Efficiency strategies: There is renewed focus on optimising existing production: uptime at offshore installations has rebounded above 70%, from only 60% in 2012. Meanwhile, over 350 undeveloped North Sea discoveries still remain. Extracting these discoveries successfully will generally require the hub strategy, which leverages common infrastructure to turn stranded or marginal assets into cost-efficient clusters. This creates a unique opportunity for companies which are focused and successfully executing on the hub strategy. Capturing these economies of scale can then de-risk nearby activity, increasing overall production. Hubs can be also be vertical, i.e. targeting different horizons in a productive location. This is ideal for mature basins where technological progress can unlock overlooked discoveries and undrilled prospects. It’s also more reliable than expensive exploration in high-risk areas.

Recycling & recommissioning: Used assets and infrastructure can remain potentially very valuable. There are over 200 platforms and 3000 pipelines in the North Sea. If they can be refurbished to the required integrity and safety standards, these can be cost-effective for new projects particularly in cash-strapped times.

Regulatory engagement: The relatively new UK Oil & Gas Authority is changing the culture of industry oversight. Regulation is being defined not as mere rule enforcement, but proactive stewardship and creative enablement. The OGA is playing the important role of joining the dots between discrete operators. Its founding principle of Maximising Economic Recovery should breathe new life into mature areas and create new opportunities for agile companies.

Gas focus: Among the 20 billion barrels of oil equivalent potentially left in the North Sea there are up to nine trillion cubic feet of gas resources. Gas has a strong future – the UK will continue to be very reliant on it for power, heating and industry. While oil prices have flatlined, UK gas prices have rebounded recently. A 50% decline in domestic gas production since 2005 has steadily increased the share of imported gas, which comes by pipeline or LNG from Qatar, Russia, Norway and now even the US. These imports cost more, bring no tax revenue and have a greater environmental footprint. The national debate on Hinkley has highlighted serious cost and reliability issues with nuclear, while coal is being phased out and onshore shale gas faces enormous popular resistance. For UK energy security, then, maximising North Sea gas resources makes overwhelming sense, reducing imports and relieving the current account burden. Environmentally, to ignore domestic gas would simply make perfect the enemy of good. Alongside growing renewable investments, replacing dirty coal with much cleaner gas helps reduce emissions, as seen in the US.

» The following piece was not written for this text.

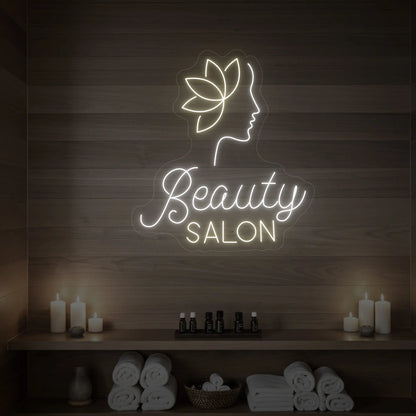 Photo of the 'Beauty Salon' neon sign glowing in cool white and warm white against a styled interior wall.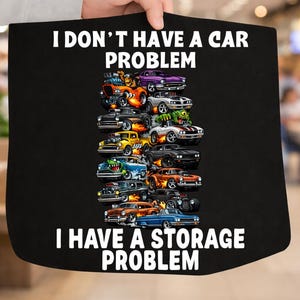 May include: Black tote bag with the text "I don't have a car problem, I have a storage problem." The bag features a colorful graphic of cartoon cars, including orange, purple, and blue vehicles.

Portfolio optimisation: To stimulate investment and maximise output, it’s vital to get assets in the right hands. Big developments need major company budgets, while smaller independents are best suited to manage declining fields. The two main hurdles to asset transfers have been buyer-seller valuation differences and decommissioning liabilities. Recent deals have often seen distressed sellers or opportunistic buyers. Oil prices stabilising around $45-55/barrel should align price expectations and bolster deal flow.

They say you should never waste a good downturn. And indeed, a recovery of sorts is now emerging, reoriented towards lower costs, clearer goals, greater efficiency and closer collaboration. The past two years may yet be merely the North Sea’s midlife crisis. Based on these eight principles, there could still be many fruitful years ahead.